The Wells Fargo case is the most recent and one of the most
newsworthy cases of a financial institution being cited for violations of
UDAAP. The actions of the bank in this
case are obviously egregious and for the most part it is fairly clear that
customers were mistreated. However,
there are several places where potential violations of UDAAP lurk that are not nearly
so obvious. The warning signs for
potential UDAAP problems are not always obvious. Senior
management must play a significant role to when it comes to avoiding
UDAAP.
UDAAP – A
Different Approach
One of the vexing aspects of UDAAP violations is the manner
in which they occur. In the UDAAP world,
technical compliance with a regulation is not nearly enough. Violations are most often found in the
outcome experienced by a customer of a financial institution. While a disclosure may meet all of the
requirements of the Truth in Savings Act, if fees are not explained in a manner
that details the “worst case scenario” for the consumer, the disclosure might
be misleading.

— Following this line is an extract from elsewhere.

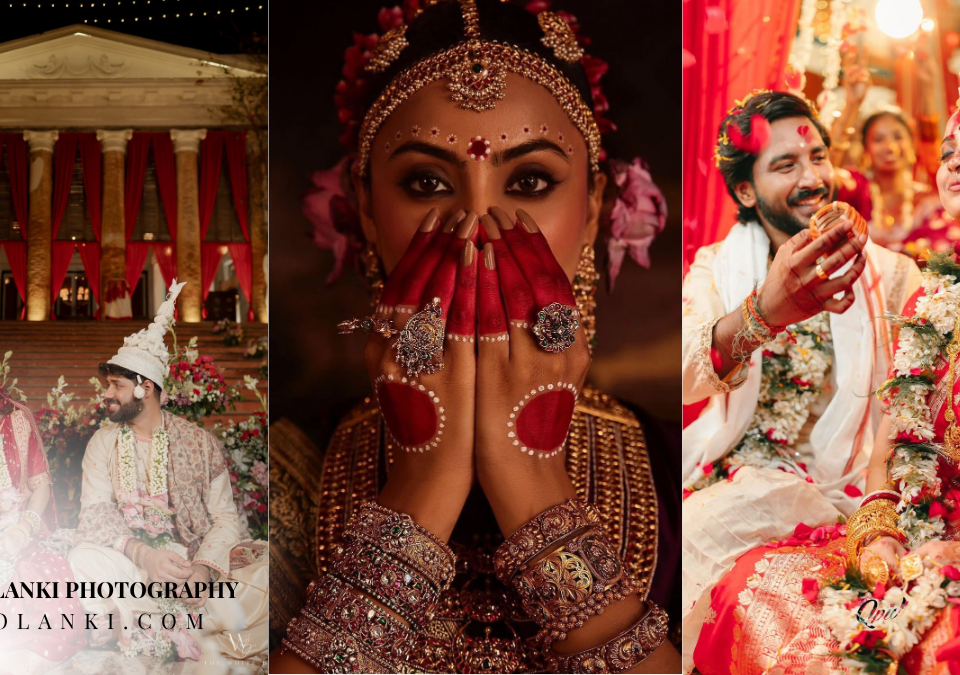 Bengali Wedding Dates in 2027 (1433–1434) Bengali Panjika Marriage January 2027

When considering your
overall compliance program for UDAAP, it is important to consider your
institutions overall level of transparency.
Marketing, disclosures and information packages must allow a consumer to
understand everything that they are getting into and how much it will
cost. Financial institutions have
greater resources than the customers they serve and the idea behind UDAAP is with
those additional resources, your institution should do all that it can to make
sure the customer understands things like overdraft fees are very
expensive.
Management’s Role
One of the many lessons from the Wells Fargo case is that
management must play a significant role in addressing potential UDAAP
issues. An excellent source of
information to determine potential problems is the customer complaints
log. By keeping track of the complaints
from customers and following up on those complaints, management can get an
early warning that customers experience does not match what they thought they
were getting. Compliant logs should be
reviewed and considered as part of ongoing compliance committee meetings.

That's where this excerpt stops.